In People v. Trotter (1992) 7 Cal.App.4th 363, 369-370 [8 Cal.Rptr.2d 648] the jury was properly instructed on the ‘use’ of a firearm but the jury verdict had findings on being ‘armed’ with a firearm. The reviewing court held that correcting the “armed’ to “use” was proper because this was merely a correction of a clerical error. (Ibid.) The reviewing court noted the jury did not draft the verdict form and the verdict form was a pre-printed verdict form given to the jury after proper jury instructions. (Id., at p. 370.)
Similarly in the present case, the jury instructions failed to instruct on an essential element of the enhancement and the pre-printed verdict forms which the jury was to merely sign or not, not to edit, cannot serve as additional instructions. The court’s mere reading of the written verdict forms at IV RT 861 cannot cure the error. (RB 11.) It is the instructions that are important as the trial court instructed. (IV RT 833.)
The question on aiding and abetting as to the enhancement does not necessarily mean the jury was aware of the “in concert” requirement of the underlying offense as respondent suggests. (RB 11.)” As respondent later notes (RB 11-12), the question by the jury was whether the separate instructions on aiding and abetting applied equally to the enhancement and to the underlying offense.

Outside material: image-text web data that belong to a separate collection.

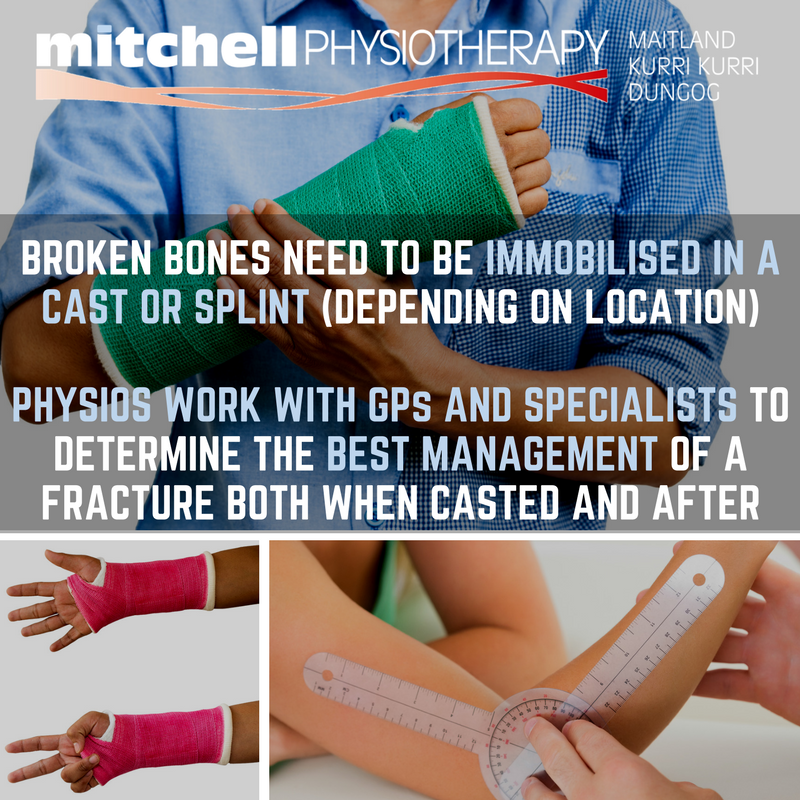 Mitchell Physiotherapy | physiotherapist | 114 Dowling St, Dungog NSW 2420, Australia | 0249921498 OR +61 2 4992 1498
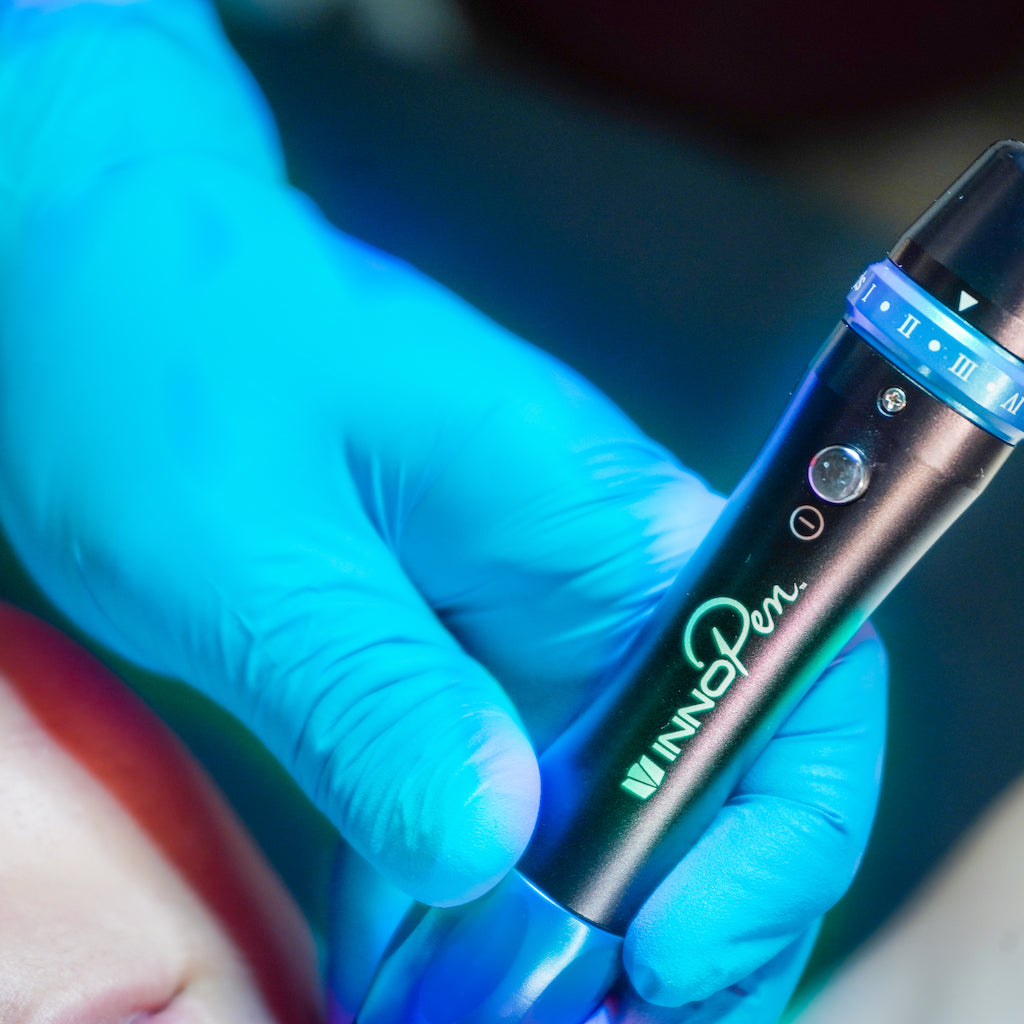 Microneedling, InnoPen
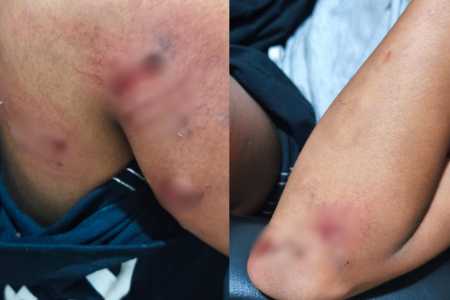 cão pulou o muro e tacou Isabelle • Imagens cedias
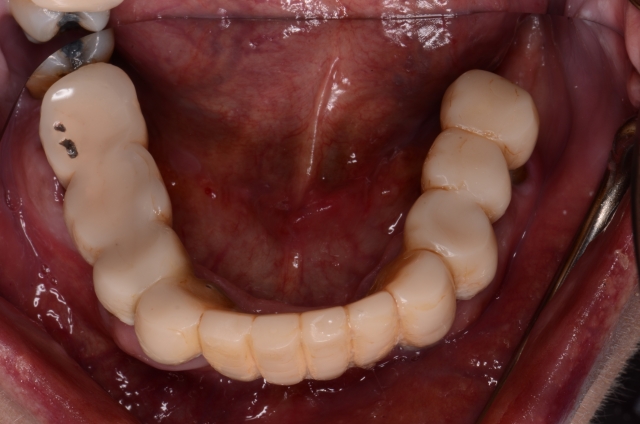 Best Practices for Presenting the Immediate Fixed Hybrid Case WilliamRalstin best practices for presenting the immediate fixed hybrid case Fig.4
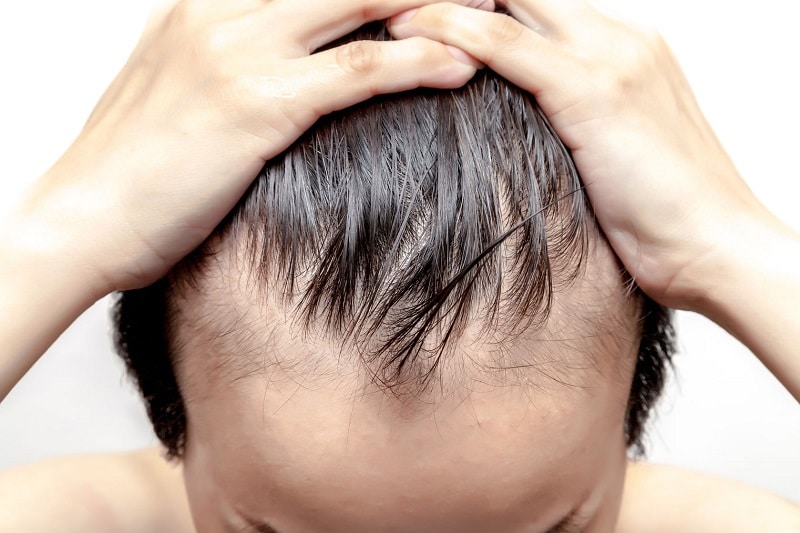 Di truyền là một trong những nguyên nhân gây ra hói đầu ở đàn ông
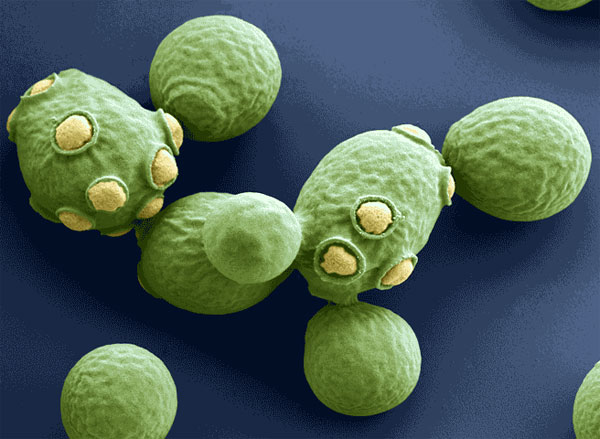  Saccharomyces cerevisiae:  ࠗ     .      6704,   2460   .    952  ,  216  .    www.microbiologyonline.org.uk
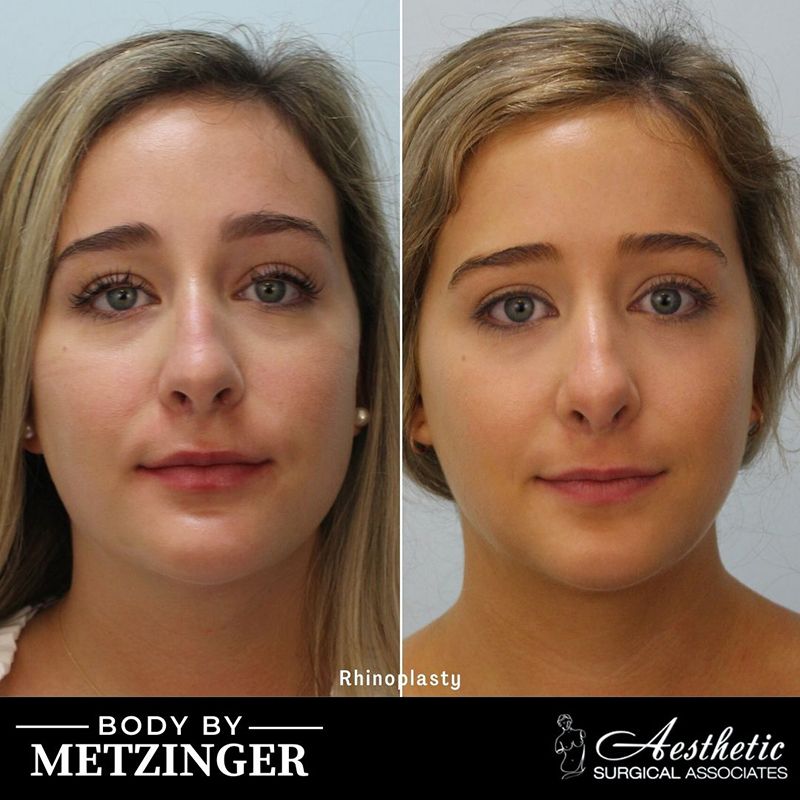 rhinoplasty_case9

The jury was asking about the general aiding and abetting instructions and not any requirement that the an element of the race enhancement was that the underlying offense necessarily be in concert or by aiding and abetting. The question by the jury merely indicated the jury may have found aiding and abetting as to the underlying assault with a deadly weapon but it does not necessarily show the jury did find aiding and abetting as to the assault with a deadly weapon. (AOB 36.)
FOOTNOTES:
Footnote 1: This distinction is only important when more than one person commits the crime.